* **EXERCISE PROMPT**: What is needed is an exact copy of the lines in the entries below from the one holding "Katran Ztužená návazcová" through the one holding "150 cm Durchmesser", pictures excluded.

* **SOURCE DATA**:
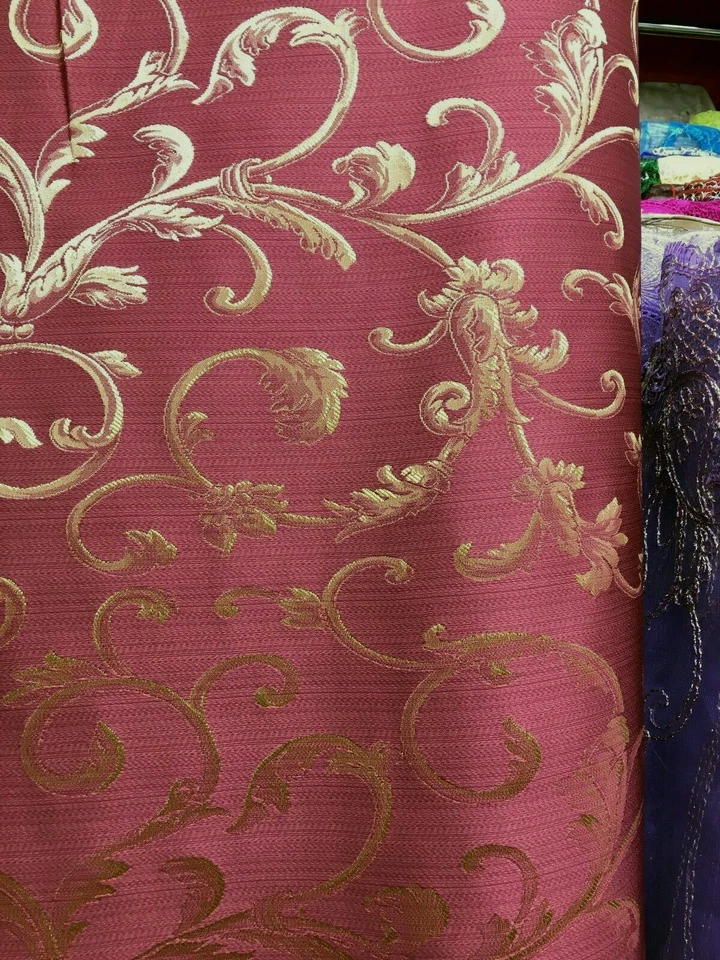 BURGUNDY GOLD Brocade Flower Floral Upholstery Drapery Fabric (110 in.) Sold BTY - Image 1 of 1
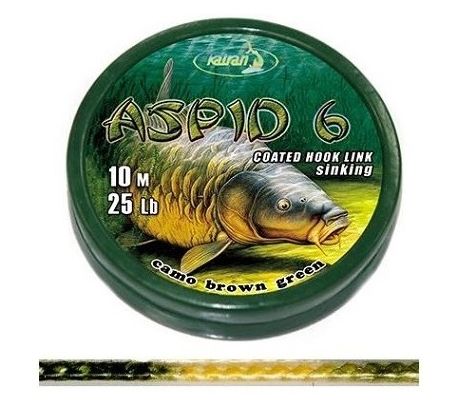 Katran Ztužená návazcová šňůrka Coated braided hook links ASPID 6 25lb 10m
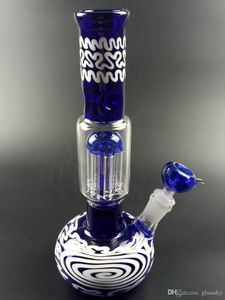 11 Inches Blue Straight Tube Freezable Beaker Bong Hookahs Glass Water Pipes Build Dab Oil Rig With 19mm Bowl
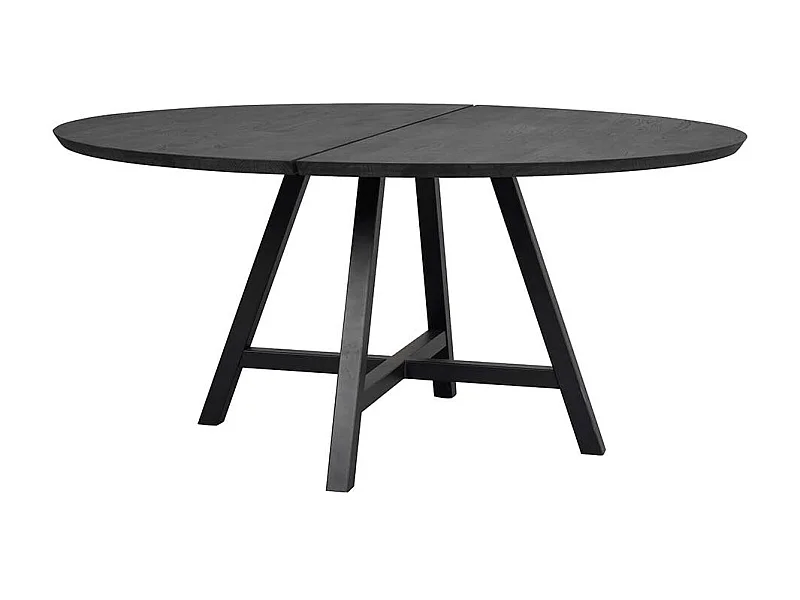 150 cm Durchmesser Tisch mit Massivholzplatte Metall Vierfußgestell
==
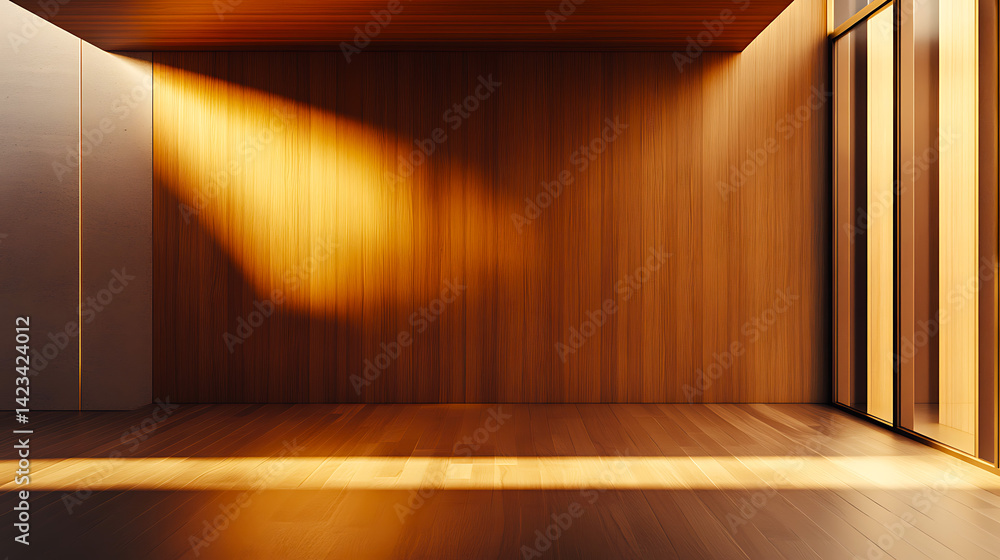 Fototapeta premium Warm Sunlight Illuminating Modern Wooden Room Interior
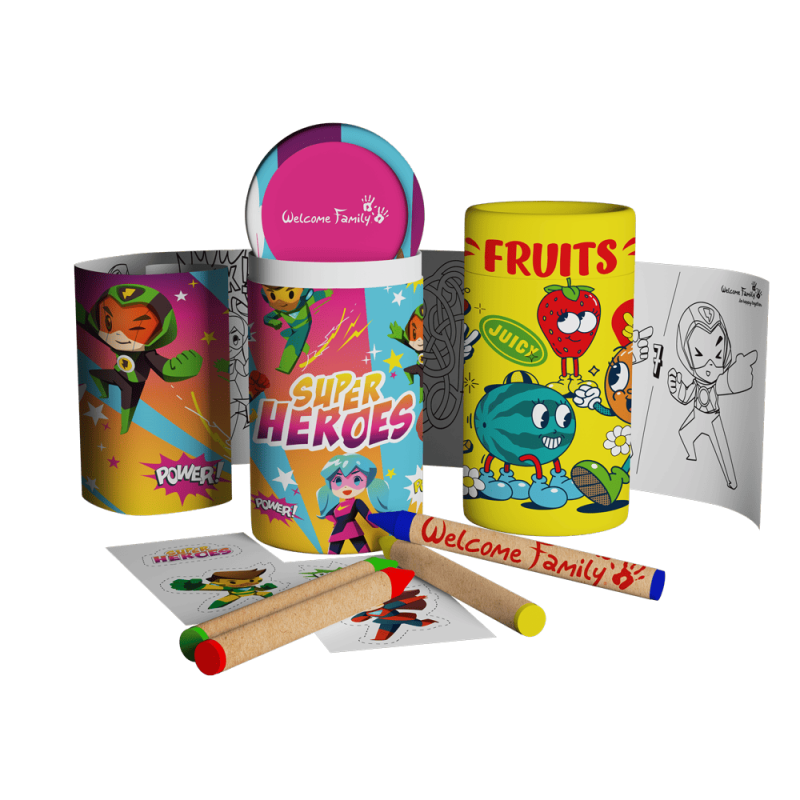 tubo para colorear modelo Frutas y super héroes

* **PROBLEM SOLUTION**:
 Katran Ztužená návazcová šňůrka Coated braided hook links ASPID 6 25lb 10m
 11 Inches Blue Straight Tube Freezable Beaker Bong Hookahs Glass Water Pipes Build Dab Oil Rig With 19mm Bowl
 150 cm Durchmesser Tisch mit Massivholzplatte Metall Vierfußgestell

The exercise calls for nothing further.